Je kunt ook met jouw werknemer een contract afsluiten omtrent de te vergoeden kostprijs. In een dergelijk contract zal het tarief in combinatie met de duur van het contract in overeenstemming moeten zijn met de prijs in de markt. Daarbij is het moment waarop je afspraken maakt, bepalend. Gebruikt de werknemer voor het opladen een openbare laadpaal, dan kunnen deze kosten ook onbelast worden vergoed. Bij discussie over de vraag of je meer hebt vergoed dan de kostprijs, ligt de bewijslast bij de inspecteur.
Voor een ter beschikking gestelde auto geldt in beginsel een bijtelling bij het inkomen, waarover belasting moet worden betaald. Deze bijtelling geldt ook voor bestelauto’s. Er bestaat wel een uitzondering voor bestelauto’s die door meerdere werknemers doorlopend afwisselend worden gebruikt, waardoor het privévoordeel moeilijk is vast te stellen. Via de bekende bijtelling wordt rekening gehouden met het voordeel dat de belastingplichtige heeft van een ter beschikking gestelde auto die ook voor privédoeleinden kan worden gebruikt. Dit voordeel is geringer als een bestelauto door meerdere werknemers zakelijk en privé kan worden gebruikt. Daarom geldt er dan geen bijtelling, maar betaalt de werkgever in 2025 via een eindheffing een bedrag van € 438, ofwel € 138 meer dan vorig jaar. Omdat de eindheffing wordt geïndexeerd, stijgt deze in 2026 naar € 451.

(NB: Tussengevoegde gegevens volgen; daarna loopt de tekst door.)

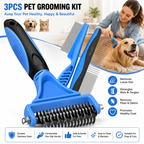 3-in-1 Pet Grooming Kit – Deshedding Rake, Detangling Comb & Flea Comb for Dogs & Cats (Blue)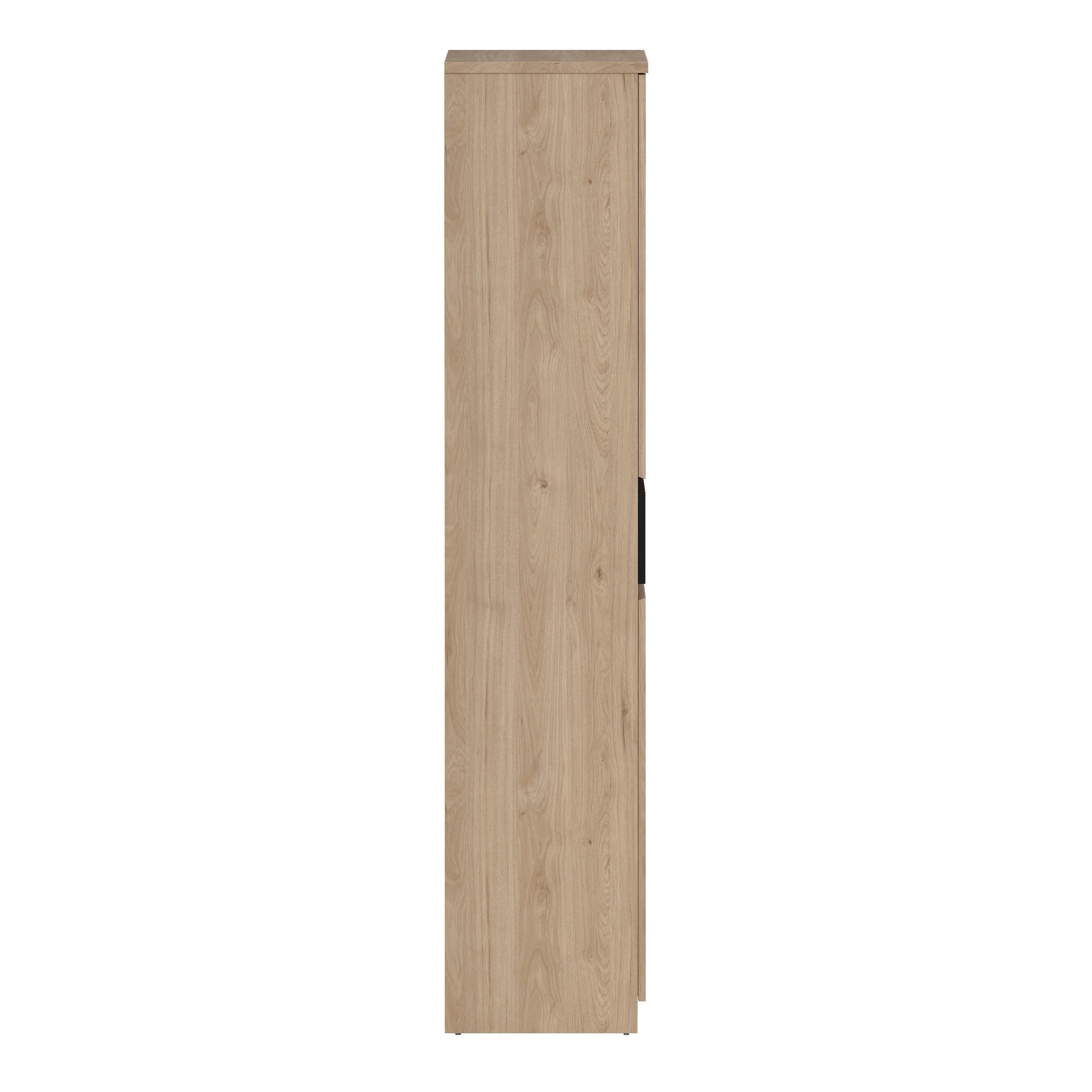 Naia Shoe Cabinet with 4 Doors 1 Drawer in Jackson Hickory Oak and Black - image 4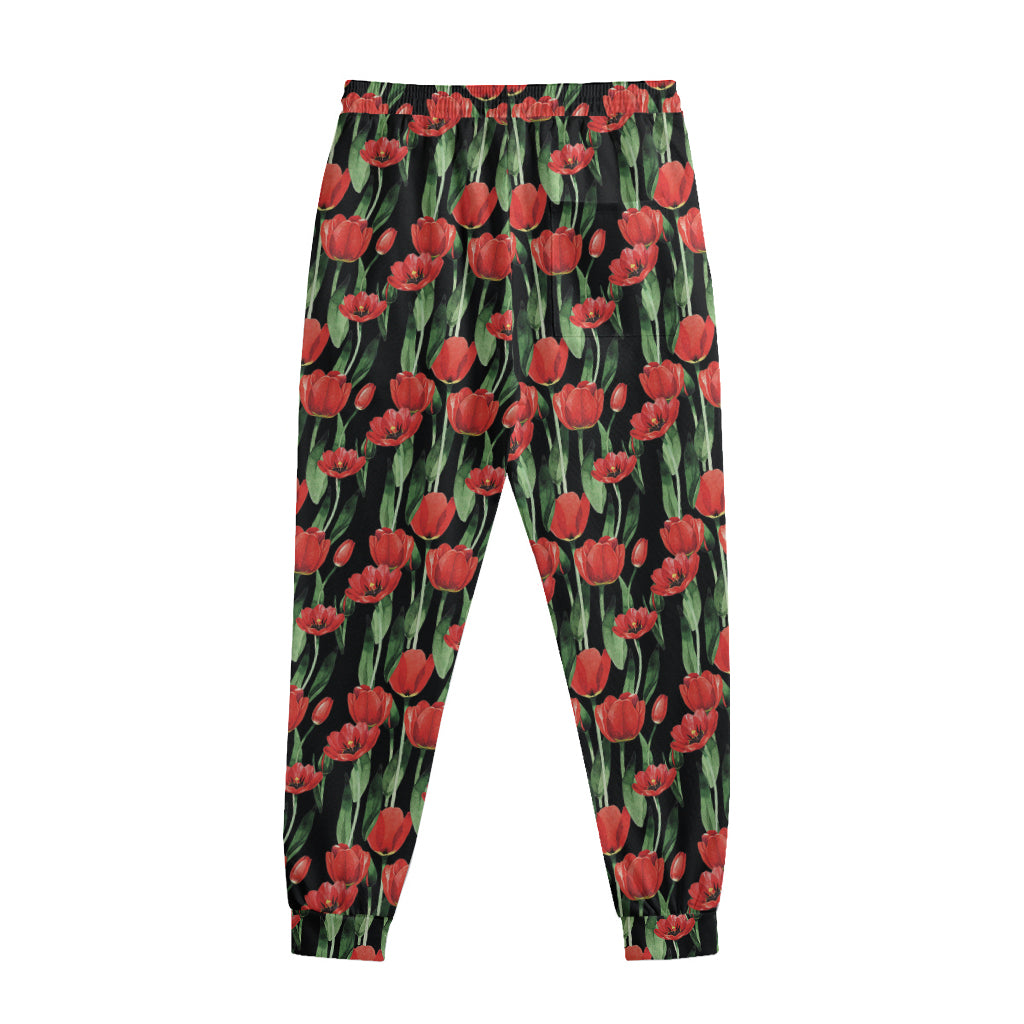 Red Watercolor Tulip Pattern Print Sweatpants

Voor kampeerauto’s geldt dat een kwart van het standaardtarief van de wegenbelasting betaald moet worden (het kwarttarief). Vanaf 2026 wordt dit kwarttarief vervangen door een halftarief. Voor kampeerauto’s die bedrijfsmatig worden verhuurd, geldt momenteel al een halftarief, maar dit vervalt per 2026.
Bij de samenstelling van de Eindejaarstips 2025 is naar uiterste betrouwbaarheid en zorgvuldigheid gestreefd. Onze organisatie kan niet aansprakelijk worden gesteld voor eventuele onjuistheden en de gevolgen hiervan.